• [Aim of the exercise] Please restate, word for word, the lines below that begin at the one with "Used 2018 Rolls-Royce Dawn image 3" and end at the one with "Peugeot 308 1.6 e-HDi Allure S&S - 31". Leave out all other lines.

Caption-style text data
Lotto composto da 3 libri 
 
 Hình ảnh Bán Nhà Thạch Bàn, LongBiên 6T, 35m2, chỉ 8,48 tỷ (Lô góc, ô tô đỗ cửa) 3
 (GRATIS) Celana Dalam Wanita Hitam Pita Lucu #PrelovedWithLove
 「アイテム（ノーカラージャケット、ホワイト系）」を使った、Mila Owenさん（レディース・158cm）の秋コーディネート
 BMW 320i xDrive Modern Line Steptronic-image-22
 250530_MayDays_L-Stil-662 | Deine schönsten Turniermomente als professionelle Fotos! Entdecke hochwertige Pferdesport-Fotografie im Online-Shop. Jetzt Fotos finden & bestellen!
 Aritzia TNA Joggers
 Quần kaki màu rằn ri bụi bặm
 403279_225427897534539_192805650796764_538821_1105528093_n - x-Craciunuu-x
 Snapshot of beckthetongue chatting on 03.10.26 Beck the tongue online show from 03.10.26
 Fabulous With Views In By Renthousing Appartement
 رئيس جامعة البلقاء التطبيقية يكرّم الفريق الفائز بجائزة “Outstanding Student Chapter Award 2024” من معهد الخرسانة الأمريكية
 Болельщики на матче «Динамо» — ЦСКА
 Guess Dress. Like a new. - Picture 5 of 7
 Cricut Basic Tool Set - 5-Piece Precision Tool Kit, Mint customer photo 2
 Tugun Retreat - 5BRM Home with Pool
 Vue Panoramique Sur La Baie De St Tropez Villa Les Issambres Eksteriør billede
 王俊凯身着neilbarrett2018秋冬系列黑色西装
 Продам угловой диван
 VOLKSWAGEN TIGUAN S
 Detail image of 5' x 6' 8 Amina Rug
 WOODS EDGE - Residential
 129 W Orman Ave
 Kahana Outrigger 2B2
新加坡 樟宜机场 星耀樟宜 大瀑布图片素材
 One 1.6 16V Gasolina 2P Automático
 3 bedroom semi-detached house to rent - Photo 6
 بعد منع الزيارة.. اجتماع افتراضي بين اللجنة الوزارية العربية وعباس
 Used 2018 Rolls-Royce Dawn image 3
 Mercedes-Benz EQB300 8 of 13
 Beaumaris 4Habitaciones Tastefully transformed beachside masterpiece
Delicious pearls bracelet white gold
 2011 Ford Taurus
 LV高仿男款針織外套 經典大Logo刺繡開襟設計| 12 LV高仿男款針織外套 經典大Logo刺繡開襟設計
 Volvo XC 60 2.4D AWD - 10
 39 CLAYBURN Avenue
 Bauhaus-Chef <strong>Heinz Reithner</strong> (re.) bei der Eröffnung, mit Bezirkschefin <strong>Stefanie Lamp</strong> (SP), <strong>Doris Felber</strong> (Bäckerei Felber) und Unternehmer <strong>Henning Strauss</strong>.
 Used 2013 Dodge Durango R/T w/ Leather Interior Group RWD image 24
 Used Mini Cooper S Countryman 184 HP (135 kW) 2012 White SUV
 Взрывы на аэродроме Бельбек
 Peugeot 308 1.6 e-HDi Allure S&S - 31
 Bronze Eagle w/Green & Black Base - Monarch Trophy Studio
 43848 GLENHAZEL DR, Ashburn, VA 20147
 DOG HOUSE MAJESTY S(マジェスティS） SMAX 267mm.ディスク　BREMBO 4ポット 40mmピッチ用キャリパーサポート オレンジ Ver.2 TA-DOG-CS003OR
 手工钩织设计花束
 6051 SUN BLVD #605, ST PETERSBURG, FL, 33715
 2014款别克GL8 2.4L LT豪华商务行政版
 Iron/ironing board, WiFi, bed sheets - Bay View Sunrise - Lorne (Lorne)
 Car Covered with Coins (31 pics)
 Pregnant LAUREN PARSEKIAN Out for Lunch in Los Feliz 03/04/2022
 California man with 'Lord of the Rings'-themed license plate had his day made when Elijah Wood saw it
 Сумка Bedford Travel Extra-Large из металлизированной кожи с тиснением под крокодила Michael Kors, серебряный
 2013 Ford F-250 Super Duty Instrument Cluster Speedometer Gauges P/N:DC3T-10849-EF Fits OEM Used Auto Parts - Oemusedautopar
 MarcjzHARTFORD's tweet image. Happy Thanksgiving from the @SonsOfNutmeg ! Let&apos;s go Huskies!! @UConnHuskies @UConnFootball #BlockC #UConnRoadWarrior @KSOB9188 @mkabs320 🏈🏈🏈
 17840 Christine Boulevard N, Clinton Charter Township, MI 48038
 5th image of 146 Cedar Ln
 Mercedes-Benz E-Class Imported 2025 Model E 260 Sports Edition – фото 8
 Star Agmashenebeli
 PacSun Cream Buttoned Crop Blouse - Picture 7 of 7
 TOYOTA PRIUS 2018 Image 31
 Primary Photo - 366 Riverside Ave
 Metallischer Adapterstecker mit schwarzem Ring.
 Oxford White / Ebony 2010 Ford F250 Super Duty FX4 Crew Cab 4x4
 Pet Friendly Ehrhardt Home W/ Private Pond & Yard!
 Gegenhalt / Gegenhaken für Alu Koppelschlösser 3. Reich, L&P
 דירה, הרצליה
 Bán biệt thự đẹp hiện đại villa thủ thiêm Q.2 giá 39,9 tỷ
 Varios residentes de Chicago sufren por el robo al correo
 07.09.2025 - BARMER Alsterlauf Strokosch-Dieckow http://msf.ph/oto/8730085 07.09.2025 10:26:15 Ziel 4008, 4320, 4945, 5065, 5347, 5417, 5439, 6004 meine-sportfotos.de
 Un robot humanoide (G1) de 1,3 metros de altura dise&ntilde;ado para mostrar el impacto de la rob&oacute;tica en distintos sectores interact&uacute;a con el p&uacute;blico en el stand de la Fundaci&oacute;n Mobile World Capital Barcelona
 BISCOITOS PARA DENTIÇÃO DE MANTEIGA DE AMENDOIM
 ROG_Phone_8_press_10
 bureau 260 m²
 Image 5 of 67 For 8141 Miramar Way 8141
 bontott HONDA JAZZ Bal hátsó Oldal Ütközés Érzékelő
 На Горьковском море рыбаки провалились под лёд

• [Answer section]
 Used 2018 Rolls-Royce Dawn image 3
 Mercedes-Benz EQB300 8 of 13
 Beaumaris 4Habitaciones Tastefully transformed beachside masterpiece
Delicious pearls bracelet white gold
 2011 Ford Taurus
 LV高仿男款針織外套 經典大Logo刺繡開襟設計| 12 LV高仿男款針織外套 經典大Logo刺繡開襟設計
 Volvo XC 60 2.4D AWD - 10
 39 CLAYBURN Avenue
 Bauhaus-Chef <strong>Heinz Reithner</strong> (re.) bei der Eröffnung, mit Bezirkschefin <strong>Stefanie Lamp</strong> (SP), <strong>Doris Felber</strong> (Bäckerei Felber) und Unternehmer <strong>Henning Strauss</strong>.
 Used 2013 Dodge Durango R/T w/ Leather Interior Group RWD image 24
 Used Mini Cooper S Countryman 184 HP (135 kW) 2012 White SUV
 Взрывы на аэродроме Бельбек
 Peugeot 308 1.6 e-HDi Allure S&S - 31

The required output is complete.